How many distinct vegetable crops are there in an average kitchen garden? Most will contain between one and two dozen, seldom more. Perhaps if you counted each and every different cucurbit, allium and brassica you could find a couple of dozen varieties in an adventurous plot. And indeed if you added all the usual salad leaves, edible seeds, petals and herbs you would amass maybe a hundred or thereabouts. But even so this total is remarkably small when you consider the huge number of plant species. Of the tens if not hundreds of thousands of potentially non-poisonous / edible leaves, stalks, roots, seeds and flowers we have chosen to improve and cultivate so few.

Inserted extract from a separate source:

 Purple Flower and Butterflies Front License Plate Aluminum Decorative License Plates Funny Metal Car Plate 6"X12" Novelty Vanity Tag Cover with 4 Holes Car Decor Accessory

And it seems almost random indeed I suspect we have selected neither the edible nor the palatable, nor even the most successful, to be our current vegetables. I suggest that what we grow is almost entirely from habit and convenience with little deliberate selection- particularly initially. We get what our great great … grandfathers grew, what they selected we inherit.

Naturally gardeners over millennia rejected the difficult, unreliable or unpalatable. But basically we grow modern varieties of what has always been grown and few truly new genus or species are ever introduced.

It is of course by their very nature hard to find (rather than grow) most rarities but even those offered for sale are seldom bought.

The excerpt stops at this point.